I just need to find a reason to use it now!


----------



## nikeman (Nov 8, 2010)

One thing I need now is a stand. I'm wondering if I can build a stand or if I should buy the scissor stand for $70. I'd like to make a stand that would allow support for larger sheets.


----------



## oh'mike (Sep 18, 2009)

There you go---now you have
a need for your new saw---build a stout little stand and folding outfeed table----

You will like that saw-----I tend to build most of my stands and shop jigs---


----------



## nikeman (Nov 8, 2010)

oh'mike said:


> There you go---now you have
> a need for your new saw---build a stout little stand and folding outfeed table----
> 
> You will like that saw-----I tend to build most of my stands and shop jigs---


Any plans for this? I'd love to build the stand instead of buy one.


----------



## oh'mike (Sep 18, 2009)

No plans--what do you want the base to do besides hold up the saw?

Shelves--doors--Drawers? wide open---you need to decide on a design---will the stand do double duty holding some other piece of equipment?


----------



## nikeman (Nov 8, 2010)

oh'mike said:


> No plans--what do you want the base to do besides hold up the saw?
> 
> Shelves--doors--Drawers? wide open---you need to decide on a design---will the stand do double duty holding some other piece of equipment?


All I need is something that can be folded or something that i can put the saw on when I use it and doesn't take a lot of space in the shed when not in use. I currently use my sawhorses with a piece of plywood across them as the table for the miter saw and the old table saw. I do all my cutting on my 9x9 deck outside my shed.
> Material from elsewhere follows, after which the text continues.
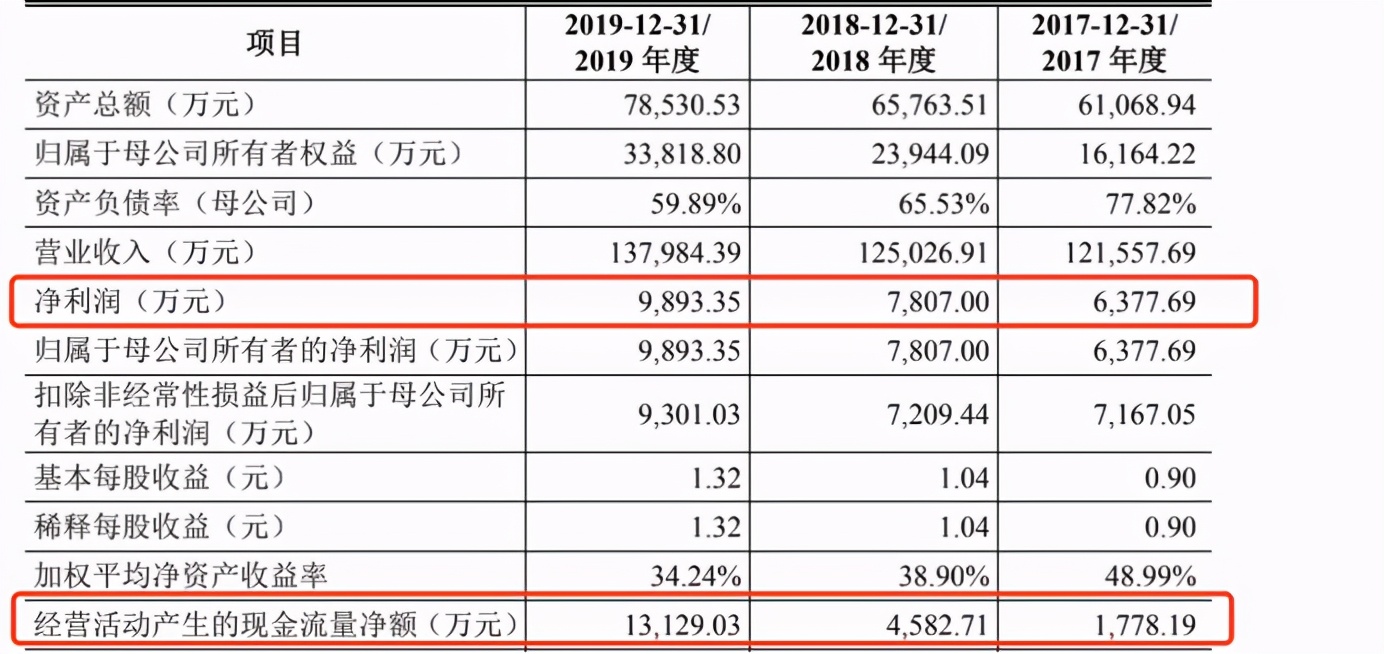 品渥食品几个涨停,品渥食品股票目标价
My goal would be to expand the width of material I can support while cutting.


----------



## Tom Struble (Dec 29, 2008)

Dewalt makes a folding stand for the 745 i think


----------



## nikeman (Nov 8, 2010)

Tom Struble said:


> Dewalt makes a folding stand for the 745 i think


They do. Its $70 which isn't to bad but its basic and doesn't add any to the saw. 

http://www.powertoolsupercenter.com...p/dw7450.htm?gclid=CNv1vNqH17sCFVaTfgod_XkA8A


----------



## Scottg (Nov 5, 2012)

Great looking saw. I ended up getting something else, but that one looks like it can chew up whatever you need for home basics.

Just in case this is going to be portable instead of in a permanent table… I've been using Stanley FatMax type saw horses to make quick breakdown work surfaces for out feed support. They have adjustable legs so it's easy to set them to the height I need for my saw, which is on a portable stand.

I've found it useful to use some wax on the moving parts of the fence, guide and the table itself to make sure everything's moving smooth. Not too much as I don't want to attract too much dust, but it makes the fence move much more smoothly.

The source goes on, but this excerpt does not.